In the final scenes of Evil Dead II, in an attempt to put the demons he has raised to rest, Ash opened a wormhole to another realm and is seemingly dragged into it. Whilst the two prequels revolved around the cabin in the woods where Ash discovers an ancient Sumerian text, Army Of Darkness follows what happens after Ash is sucked into a hellish portal (along with his Oldsmobile 88) and is transported back to the year 1300.
Equipped with a chainsaw for a hand, his trusty ‘boom stick’ and an arsenal of dry wit, Ash is confronted by the men of Lord Arthur, a 14th century medieval leader who is at war with Duke Henry the Red. Accused of being one of Duke Henry’s agents due to his strange, 20th century garb, Ash is captured, stripped of his weapons and is subsequently forced to prove himself by killing a deadite, leading the simple folk to see him as a hero. Welcomed into their kingdom, Ash is told by a Wise Man that he can return to his own time if he retrieves the Necronomicon Ex-Mortis; the evil, ancient book that possesses supernatural powers and, as you may recall from previous experience, raises the dead and turns people into demons. Between falling in love with the lovely Sheila (Embeth Davidtz) and venturing through a haunted forest to retrieve the cursed text, Ash accidentally raises an entire army of the dead by mispronouncing the incantation, leading Arthur’s men into a ghoulish battle with the deceased.
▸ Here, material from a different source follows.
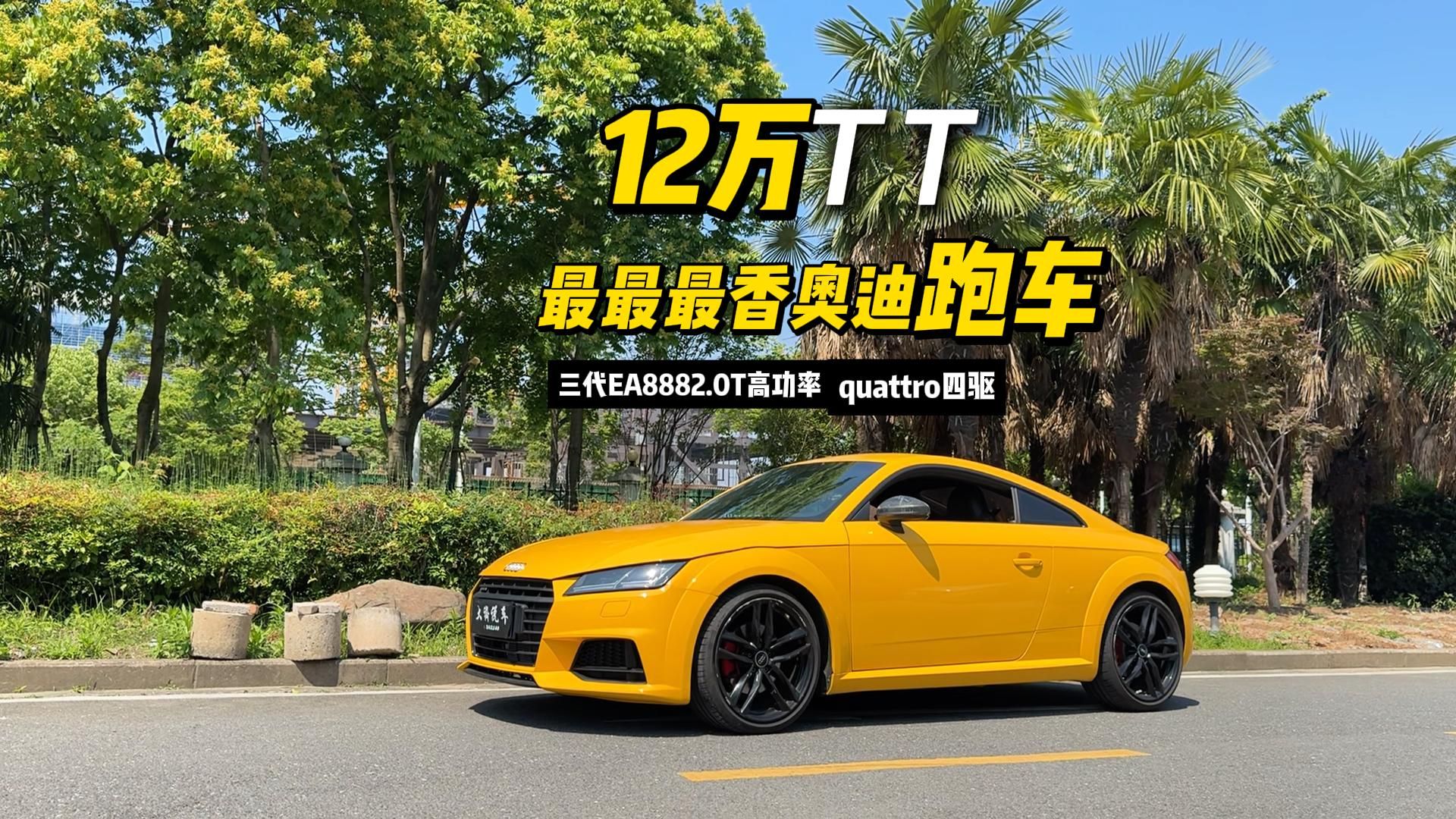 四驱奥迪tt!又萌又猛的平民跑车,香到起飞!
The third sequel is by far the weakest and least terrifying of the trilogy but instead chooses to amplify its sense of tongue-in-cheek fun, ghostly mischief and incidentally hilarious one-liners. Bruce Campbell is every part the droll hero in this time-slip comedy horror with plenty of action bravado and self-effacing humour. With more of the traditional and highly inventive gore and splatter effects that epitomise the series ( though at a lesser and much camper extent) Army of Darkness is certainly not the scary story you would expect as a follow-up to the first two films but is fun and schlocky in its own right, albeit in a B-Movie, Grindhouse sort of way.
Plenty of comic books and fan-fiction have been born off the back of Army of Darkness and it’s easy to see why. This final instalment cements Ash Williams as a great horror character and somewhat reinvents the ‘cursed manuscript’ genre that Raimi created and re-used for two whole movies. Whilst giving a dark edge to what is essentially an action film rather than an outright horror, Army of Darkness is chaotic and totally crazy in a literal sense.
Super fans of this 1992 cult hit should definitely re-visit Army of Darkness soon though, as plans have also been proposed for an Army of Darkness 2 to which Bruce Campbell has confirmed he will be playing a much older Ash. Groovy!